Charles-Henry Monchau

Chief Investment Officer


Introduction

JPMorgan has introduced a credit default swap (CDS) basket linked to Alphabet, Amazon, Meta, Microsoft, and Oracle, allowing institutional investors to hedge or speculate on the credit risk of companies funding America’s AI infrastructure.. Each trade is set in $25 million increments, with $5 million allocated to each firm, allowing hedge funds and asset managers to express clear views on their creditworthiness.

This launch comes as s financing needs accelerate sharply. . Analysts expect an additional $100 billion to $300 billion in AI-related bond issuance in 2026, and total commitments including future data centre leases now exceed $969 billion. Alphabet even issued a rare 100-year bond in February 2026.

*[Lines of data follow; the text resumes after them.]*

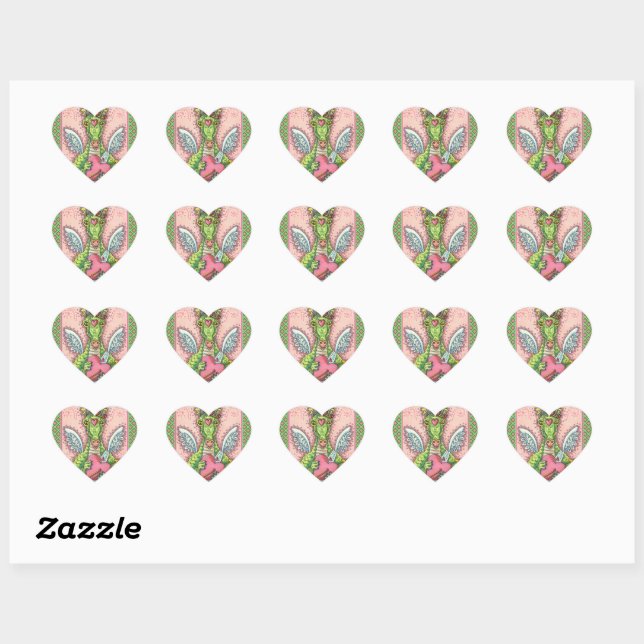 STICKER CŒUR DRAGON CUPIDE, COEUR ET FLÈCHE IMAGINAIRE VALENTIN (Feuille)
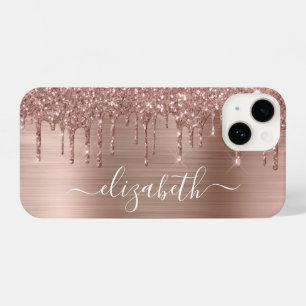 Funda Para iPhone 14 Rosa Purpurina de oro personalizado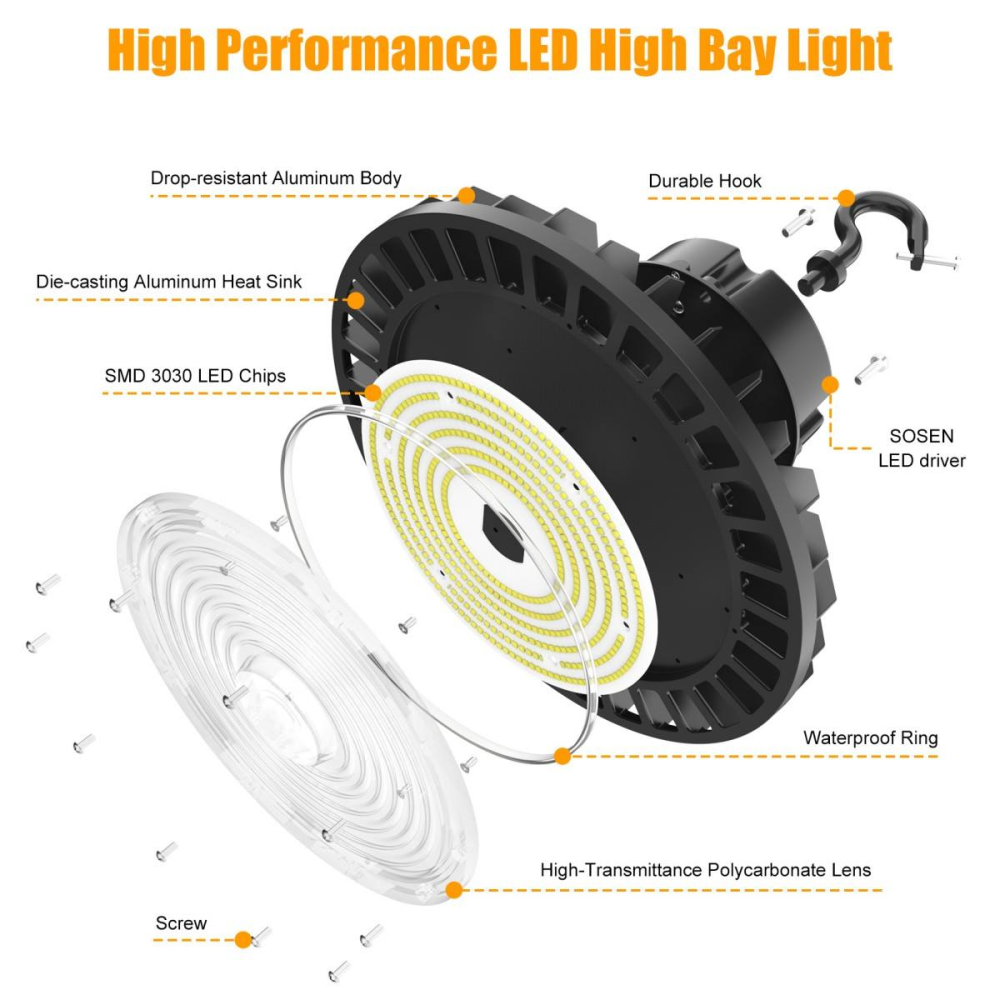 High Bay Lights US Stock 0-10V Dim 5000K 200W IP65 Industrial Warehouse UFO Led Highbay Light with Microwave DLC ETL CE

Risk profiles vary across the group. Oracle stands out with a Baa2/BBB rating and $124 billion in debt, carrying a higher debt-to-enterprise-value ratio than peers, which generally remain below 5%. JPMorgan also highlights potential broader impacts: $40 billion to $150 billion in leveraged loans held in collateralised loan obligations (CLOs? could face disruption from AI-driven changes in the software sector.


1. The 2008 parallel, where the analogy holds

In 2008, a few analysts spotted the US housing market’s hidden risk, subprime mortgages were bundled, mislabelled as safe, and sold worldwide. When defaults surged, the system collapsed. The lesson? When everyone believes something is “too big to fail,” that’s often when danger emerges. Today, artificial intelligence is the new “AAA” a shiny asset attracting massive capital. Venture capital, corporate spending, and infrastructure investment are pouring in, all under the shared belief that AI will transform everything, the returns on data centre infrastructure, GPU capacity, and cloud build-out will justify the capital being deployed, echoing the psychology that fuelled the housing boom.

Just as in 2005-2006, when investors like Burry and Paulson had to build bespoke CDS to bet against subprime mortgages, JPMorgan’s ready-made hyperscaler basket signals that taking a bearish view on AI debt is now tradable.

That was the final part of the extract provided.